Picking up from the negative swing against all three major parties in 2016, (ALP – 0.5, Canberra Liberals -2.2, Greens -0.5) less than 2 % separates ACT Labor and Canberra Liberals – with the big unknown factor, the 2.5% of votes determined informal and unable to counted.
ACT Labor’s coalition partners, the ACT Greens’ and their 10.3% of first preferences does look to steady their ship, but the Canberra Liberals will be looking to take advantage of the 5.2 % swing against ACT Labor in Murrumbigee and potentially pick up a set in Yerrabi – in the first post-light rail election since 2008.
In 30-year-history of self-governance, the ACT Legislative assembly has been a tight battle, with only one government wining an outright majority when ACT Labor won the 2004 election with a two-seat majority.
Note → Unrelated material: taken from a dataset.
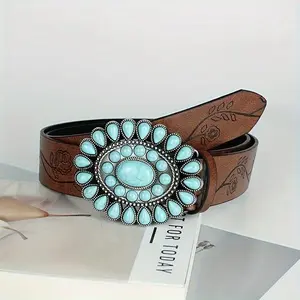 Boho Oval Turquoise Buckle Belts Vintage Brown Embossed PU Leather Waistband Classic Western Belt For Women daily use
The first hung parliament occurred in 1989; ACT Labor had the largest representation and formed government with the promise of supply from several non-aligned minor parties.
ACT’s first Chief Minister Rosemary Follett was elected by the Legislative Assembly and became Australia’s first leader of a government.
1992 was another hung parliament, Labor retained power with the support of independent Michael Moore.
1995 saw the introduction of the Hare-Clark quota-preferential-voting system and a third hung parliament.
Independence Michael Moore switched his support to the Liberal Party for their first tilt at governance, with Kate Carnell as their leader.
With Rosemary Follett as the Labor leader, this was the first and only time the leaders of both major parties at a state, territory, or federal election, were female.
1998 was the fourth hung parliament in a row and Kate Carnell and the Liberals second term – also the last time they were government.
In 2001, Labor, Kerrie Tucker from the Greens and Roslyn Dundas from the Democrats formed minority government.
2004 was the first election since the fixed four-year term was introduced and the first and only outright victory.
2008 Four ACT Greens’ candidates were elected to the legislative assembly and after weeks of negotiations Labor and the Greens signed the first of their three official parliamentary agreements.
This agreement made Greens leader Shane Rattenbury speaker; he became the first Greens party speaker anywhere in the world.
The Greens’ representation dropped back to one seat in 2012 but their coalition with Labor remained in another hung parliament.
That’s eight hung parliaments and numerous gender equality milestones for the territory that voted against self-governance in a plebiscite in 1978, with 63.75% of electors in favour staying under the Commonwealth responsibility.